Thankfully, there are some great financing options available for first-time home buyers. Browse through the following lists. Maybe one of them will meet your needs and help you buy your first home.
These loans can help you get into a home for 3.5 percent to ten percent down, depending on how good your credit score is. They’re backed by the Federal Housing Authority, and they provide protection to lenders, so they don’t experience loss in the case of foreclosure.
FHA Section 203(k)
This loan is specifically for fixer-uppers. If you’ve decided on a home that you’ll be repairing, this type of loan can help you get in for as low as 3 percent down and incorporate the costs of repair and renovations, as well.
Good Neighbor Next Door
If you’re a firefighter, an EMT or a pre-K through 12th-grade teacher, you might qualify for this loan. Sponsored by HUD, this loan can help you get up to 50 percent off the home’s listed price in certain areas.
These loans are targeted to rural areas. They allow home-buyers to get into a home with fixed payments and sometimes no down payments. These vary from region to region, so ask your lender what’s available in your area.
These loans come with competitive interest rates, no down payment, and some special features. They only apply to active-duty military members, veterans, and surviving spouses.
Fannie Mae or Freddie Mac
Loans sponsored through Fannie Mae or Freddie Mac are meant to help low income and moderate-income families. They work with local lenders to help provide loans with low down payments (sometimes as low as 3 percent) and competitive interest rates.
Energy-efficient Mortgage (EEM)
These loans are meant to help home-buyers make energy-efficient updates to the home they’re buying without having to pay more for down payments (although the cost of renovations is added to the total loan amount). They’re insured through the FHA or VA.
Native American Direct Loan
This loan aims to help Native Americans and their spouses purchase homes on federal trust lands. It offers no down payment, and you don’t have to pay for private mortgage insurance.

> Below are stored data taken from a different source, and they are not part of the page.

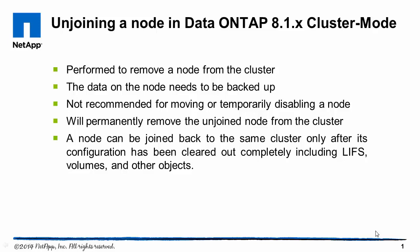Hi and welcome to NetApp KB TV. This video demonstrates the procedure to be followed to unjoin a node from a cluster running Data ONTAP 8.1.x and later.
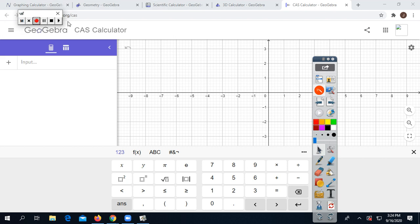Hello, this is Mr. Posada, and this is a quick tutorial on the basics of the GeoGebra CAS calculator.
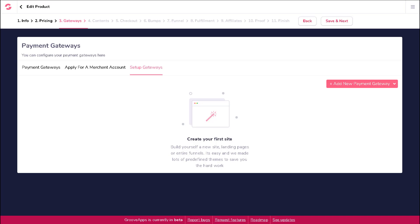In this video, we're going to show you how to configure your Authorize.net payment gateway. To add a new payment gateway for Authorize.net, on the setup gateway screen within the payment gateways page, click on the button for add new payment gateway.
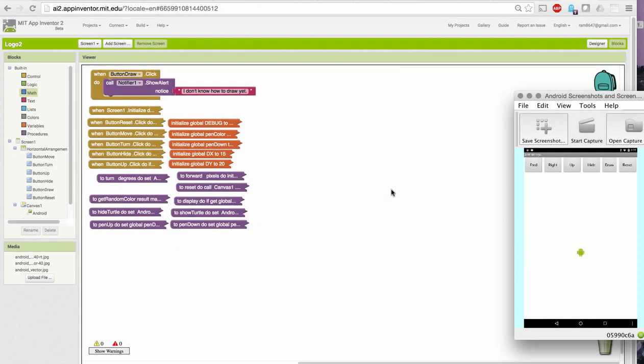Okay, let's take a look at our new version of Logo with our parameterized commands for forward and right turn. I've opened App Inventor with the Logo2 template and saved my project as Logo2. We're going to have to replace this with some drawing commands.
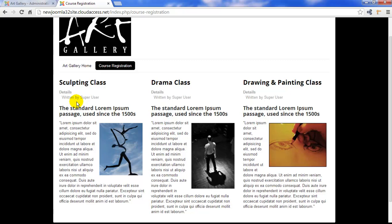In the next tutorial, we'll return to the module manager to show you how to create a menu module. And in tutorial 13, creating a blog, we'll return to the article options area to show you how to use that read more button.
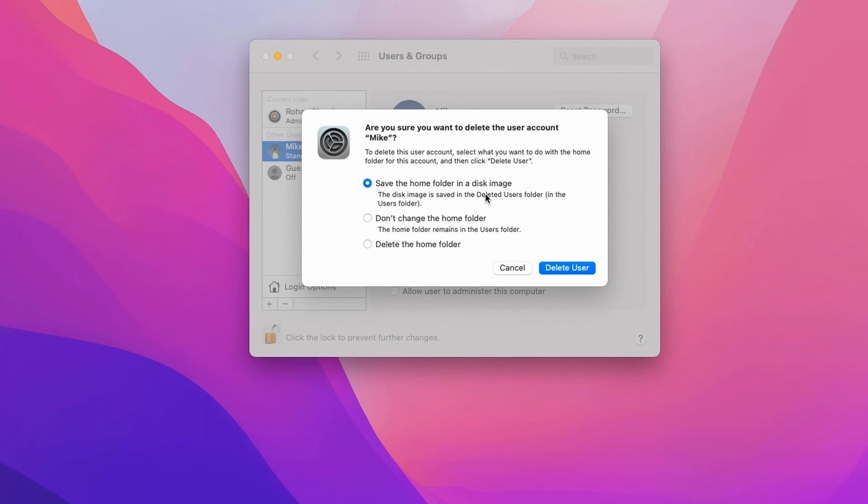If you select the second option, don't change the home folder, it will ensure that none of the files related to that user will be deleted and no other user would be able to modify it.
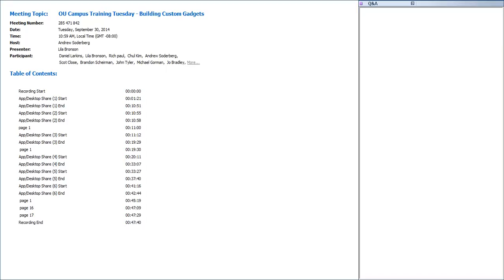Ladies and gentlemen, hello and welcome to our September Training Tuesday event for OU Campus. Today's topic is building custom gadgets for OU Campus. During the presentation, all participants will be in a listen-only mode as this session is being recorded. If you have a question, you may submit it online by clicking on the Q&A tab on the right-hand side of your screen. Simply type your question into the dialog box and send. The presenters will address questions during and after the presentation.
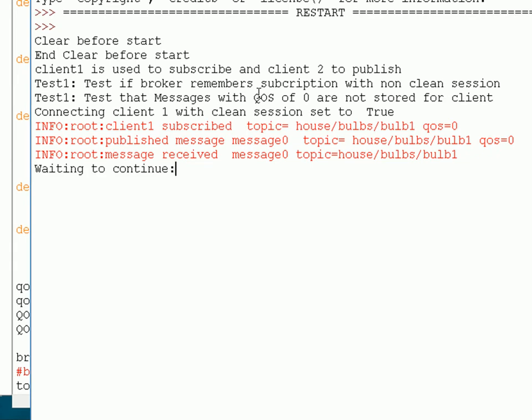The first thing it's doing is connecting with a clean session of true, so client one is subscribing with clean session set to true, which is the default behavior. I subscribe to the topic, then publish on the topic, and you can see that I've received the message on that topic. That's normal publish and subscribe — we have to subscribe before we publish to receive the message.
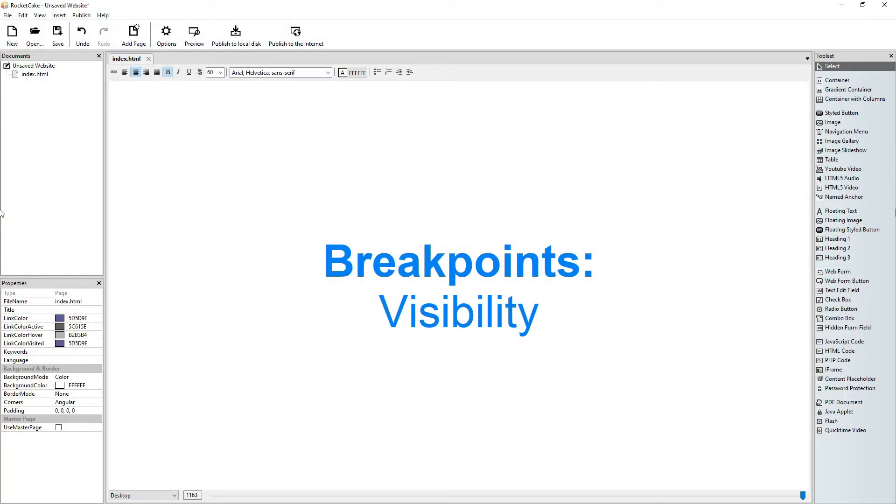Hi guys, welcome to another RocketCake tutorial. In this one you will learn about visibility when using breakpoints.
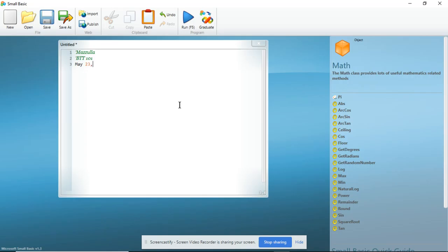Now see what happened because I didn't use the apostrophe. The date is coming up in a completely different color and it wants to treat the text that I'm entering as a command. So I put in my apostrophe, May 23rd, 2019.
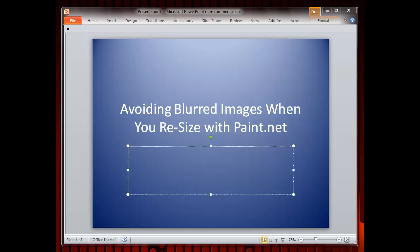This tutorial shows how to avoid blurring when you resize images with Paint.net. Normally, the cropping and resizing of images with Paint.net is very simple. Beginners soon discover that images become blurred when you use the resize function to reduce the dimensions. You are not doing anything wrong. This program requires you to use a special sharpening function known as unsharp mask.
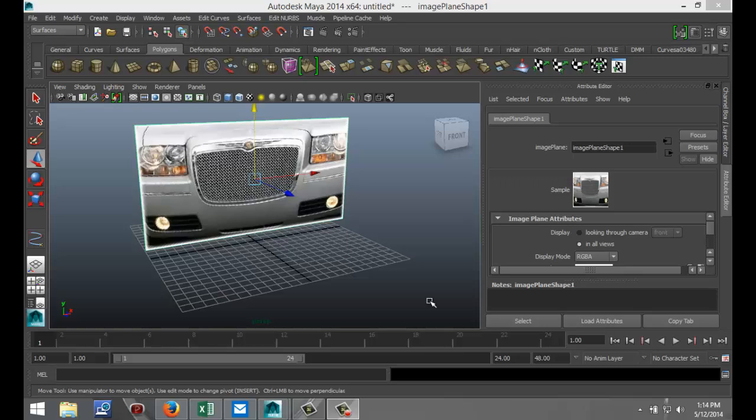Hi guys and welcome back. This is Mike Hermes at MH Tutorials and today I want to show you how you can create a mesh that you can use for example in a car grille like in this example here.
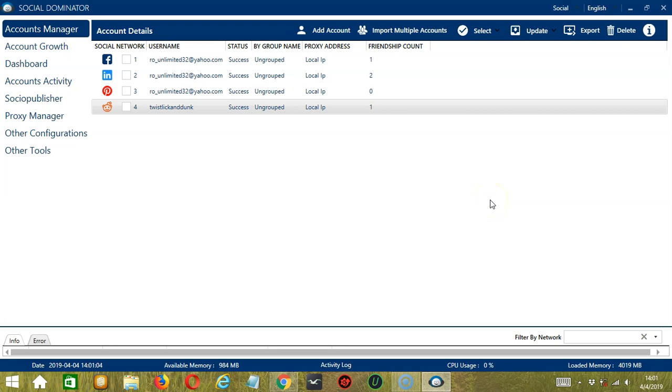Hello viewers, this is a tutorial on how to automate upvote on Reddit using Socinator. If there are Reddit posts you want to upvote, then Socinator can help you out.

First-time homebuyers also get fixed payments for a 30-year loan and low closing costs.
Local grants and programs
There might be special financing available depending on where you intend to purchase your first home. For example, some cities offer aid for buying in their revitalization loans. Visit the local websites to find out more or place a call to a city or county official to find out more.
Economic development offices might be a great place to start looking.
No matter which direction you go, knowing that there are financing options available can help make the leap from renter to home-owner less frightening.